The New Caledonian crow can also spontaneously make new tools from materials it does not encounter in the wild, such as wire and plastic. As well, it can use mirrors to see information out of its direct line of sight, then orient and use that information to solve problems. For example, an hidden stick that could be grabbed easily once an angled mirror is used to see behind another object. And, crows also are one of the only animals besides humans to use meta-tools. In one study food was placed in a box out of the crows' reach. The crows were given a stick too short to reach the food. However, this short stick could be used to retrieve a longer stick from another box, which could then be used to retrieve the food. This complex behavior involved the crow realizing that a tool could be used on non-food objects, and suppressing the urge to go directly for the food. It was solved by six of seven birds on the first attempt. 


What’s most fascinating is that crows pass down these skills, and in particular the tool designs and methods of manufacturing them to younger generations, and the tools used in one isolated group will be different than another, based on the food they are foraging, the culture and the mindset of the group. This particular fact reminded me a lot of the comparison of chopsticks vs. forks in western and Asian cuisine. Because, as we know, not only are tools and tool use part of our advancement, they are part of our culture. 


Culture. Ok so, what about culture? Human cultural systems are certainly unique, yet we certainly know alot about the complex social systems of animal culture, actually far too much to put into this episode. Eventually this in and of itself will be its own episode, but for now, but here’s some of the most fascinating highlights about animal culture. 


Names. We know definitively that parrots give their children names.

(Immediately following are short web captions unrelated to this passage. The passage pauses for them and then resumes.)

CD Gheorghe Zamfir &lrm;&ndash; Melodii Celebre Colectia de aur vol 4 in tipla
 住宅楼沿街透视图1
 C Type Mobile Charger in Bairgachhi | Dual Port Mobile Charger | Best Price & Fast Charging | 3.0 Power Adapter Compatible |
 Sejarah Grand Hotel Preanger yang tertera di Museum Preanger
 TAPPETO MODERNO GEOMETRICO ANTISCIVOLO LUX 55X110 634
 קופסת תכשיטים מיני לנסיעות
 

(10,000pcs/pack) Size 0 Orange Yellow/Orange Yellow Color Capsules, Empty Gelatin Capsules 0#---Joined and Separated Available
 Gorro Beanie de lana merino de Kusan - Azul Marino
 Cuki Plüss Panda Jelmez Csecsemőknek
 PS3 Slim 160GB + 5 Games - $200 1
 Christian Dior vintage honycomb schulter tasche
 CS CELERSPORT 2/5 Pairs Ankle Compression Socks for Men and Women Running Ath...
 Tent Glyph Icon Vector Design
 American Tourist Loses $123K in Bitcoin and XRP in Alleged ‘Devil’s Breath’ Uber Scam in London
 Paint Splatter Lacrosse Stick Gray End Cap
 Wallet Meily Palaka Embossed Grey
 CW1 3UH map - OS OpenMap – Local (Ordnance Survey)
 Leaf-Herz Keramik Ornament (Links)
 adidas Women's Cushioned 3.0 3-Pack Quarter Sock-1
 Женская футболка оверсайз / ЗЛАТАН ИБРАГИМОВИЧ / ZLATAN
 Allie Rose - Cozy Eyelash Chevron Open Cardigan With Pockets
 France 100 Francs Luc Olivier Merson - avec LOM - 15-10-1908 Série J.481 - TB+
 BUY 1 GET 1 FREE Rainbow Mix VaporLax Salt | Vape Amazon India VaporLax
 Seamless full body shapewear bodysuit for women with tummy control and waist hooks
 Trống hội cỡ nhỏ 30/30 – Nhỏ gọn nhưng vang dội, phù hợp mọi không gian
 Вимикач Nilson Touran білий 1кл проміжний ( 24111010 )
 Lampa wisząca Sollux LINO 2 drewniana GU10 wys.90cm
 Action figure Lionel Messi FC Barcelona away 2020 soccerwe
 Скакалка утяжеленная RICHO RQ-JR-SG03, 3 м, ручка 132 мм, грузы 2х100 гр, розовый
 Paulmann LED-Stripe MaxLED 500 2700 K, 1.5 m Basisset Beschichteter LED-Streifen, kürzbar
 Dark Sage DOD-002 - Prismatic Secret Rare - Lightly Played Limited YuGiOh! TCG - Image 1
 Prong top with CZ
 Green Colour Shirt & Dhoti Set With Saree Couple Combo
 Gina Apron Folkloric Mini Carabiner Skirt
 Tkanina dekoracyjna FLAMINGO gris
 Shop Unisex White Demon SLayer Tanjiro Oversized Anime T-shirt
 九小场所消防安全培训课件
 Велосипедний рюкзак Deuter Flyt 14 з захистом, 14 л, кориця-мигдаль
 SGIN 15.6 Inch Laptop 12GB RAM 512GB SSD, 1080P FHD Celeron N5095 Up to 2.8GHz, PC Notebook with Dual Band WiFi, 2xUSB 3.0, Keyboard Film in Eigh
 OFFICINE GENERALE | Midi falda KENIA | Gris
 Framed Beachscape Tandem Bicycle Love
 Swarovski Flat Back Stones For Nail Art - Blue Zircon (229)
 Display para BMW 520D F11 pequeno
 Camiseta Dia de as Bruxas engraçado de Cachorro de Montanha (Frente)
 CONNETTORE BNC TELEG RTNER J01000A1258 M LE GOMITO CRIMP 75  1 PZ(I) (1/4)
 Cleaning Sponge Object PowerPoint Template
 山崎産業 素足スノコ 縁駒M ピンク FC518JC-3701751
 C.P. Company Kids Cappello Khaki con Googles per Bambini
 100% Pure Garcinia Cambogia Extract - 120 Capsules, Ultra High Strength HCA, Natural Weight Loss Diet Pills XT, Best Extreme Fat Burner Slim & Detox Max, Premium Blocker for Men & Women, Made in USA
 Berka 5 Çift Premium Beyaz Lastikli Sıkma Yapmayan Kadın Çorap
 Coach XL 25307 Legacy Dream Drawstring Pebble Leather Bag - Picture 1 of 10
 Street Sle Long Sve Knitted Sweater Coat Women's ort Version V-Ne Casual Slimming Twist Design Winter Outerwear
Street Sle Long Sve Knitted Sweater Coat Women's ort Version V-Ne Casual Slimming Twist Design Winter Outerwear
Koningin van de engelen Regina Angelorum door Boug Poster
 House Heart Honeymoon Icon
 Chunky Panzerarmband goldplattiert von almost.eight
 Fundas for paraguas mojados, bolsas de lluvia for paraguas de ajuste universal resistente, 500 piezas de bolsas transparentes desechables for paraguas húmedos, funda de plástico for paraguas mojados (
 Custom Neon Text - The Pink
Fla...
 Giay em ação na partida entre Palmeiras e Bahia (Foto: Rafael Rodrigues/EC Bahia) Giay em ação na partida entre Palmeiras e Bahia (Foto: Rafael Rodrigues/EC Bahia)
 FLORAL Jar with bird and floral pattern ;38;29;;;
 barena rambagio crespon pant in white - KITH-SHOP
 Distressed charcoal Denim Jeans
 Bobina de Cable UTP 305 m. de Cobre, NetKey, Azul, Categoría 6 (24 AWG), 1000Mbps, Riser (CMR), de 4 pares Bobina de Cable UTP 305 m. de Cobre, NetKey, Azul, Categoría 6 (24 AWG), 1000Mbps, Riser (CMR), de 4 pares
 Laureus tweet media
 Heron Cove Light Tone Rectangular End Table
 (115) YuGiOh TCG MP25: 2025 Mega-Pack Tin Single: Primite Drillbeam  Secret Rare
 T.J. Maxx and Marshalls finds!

And dolphins adopt their own names, unique whistles that are a variant of their mother's signature whistle. Both species carry these names throughout their lives, to remember each other as individuals and call out to them specifically. Think about how important this is to the fabric of culture, to create social bonds, build your reputation, to find mates and build friendships. Names are a fundamental aspect of building society, and are only important to a species interested in building a cultural, social system like we have. 


Laughing and comedy. 

And the social similarities with humans continue. It’s also the little things. Octopuses, apes, rats, dogs, parrots and dolphins all tend to form a sense of humor. Magic tricks and illusions cause what can only be interpreted as joyful reactions. They tease one another, tickle one another and find enjoyment in the social interaction of physical roughhousing. Studies show this type of play to be critical to the development of social cognition and social awareness. In fact, studies show that females are much more likely to be attracted to males with more social play experience, as they are more likely to have more friends, be held in higher standing and thus, better chances of survival. Popularity, it seems, is also not only human. Our desire to be well-liked, well-known and accepted as part of the group stems from a fundamental evolutionary purpose. 


Art and Design.

Speaking of skill sets, what about art and design? Certainly humans are the pioneers of aesthetic creation. Well, like all art, this is perhaps a subjective opinion. Elephants, gorillas, donkeys, and even a pig named Pigcasso create abstract paintings. Birds show rhythm and dance. Elephants have shown remarkable musicianship, the ability to distinguish 12 tones on the musical scale and remember simple melodies, even when played on different instruments at various pitches and meters. Don’t believe me, check out the Thai Elephant Orchestra, six to fourteen Thai elephants who play heavy-duty musical instruments. 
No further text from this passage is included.